◆ The data:
# # #
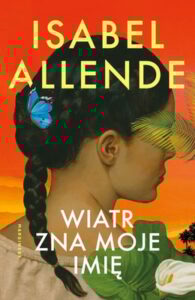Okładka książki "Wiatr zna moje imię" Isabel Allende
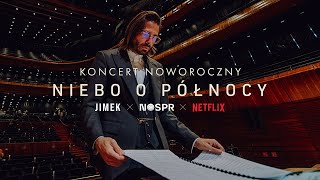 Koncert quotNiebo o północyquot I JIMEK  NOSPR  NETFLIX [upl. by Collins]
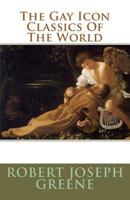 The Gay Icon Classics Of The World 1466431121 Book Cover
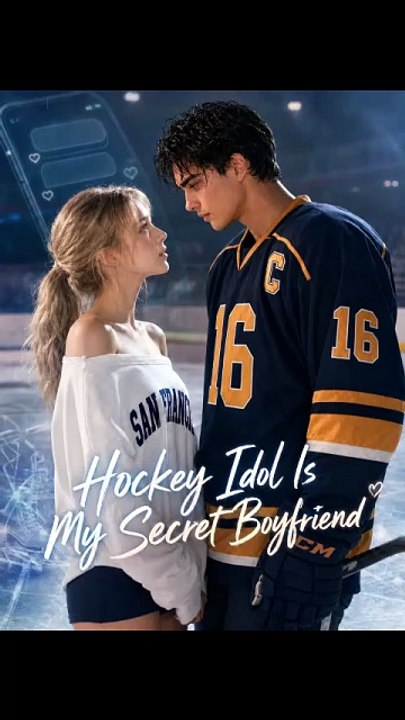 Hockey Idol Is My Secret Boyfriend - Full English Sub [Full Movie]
# # #
Keeping pictures out, repeat exactly the lines from the one containing "The Gay Icon" through the end of the listing.

◆ Worked solution:
 The Gay Icon Classics Of The World 1466431121 Book Cover
 Hockey Idol Is My Secret Boyfriend - Full English Sub [Full Movie]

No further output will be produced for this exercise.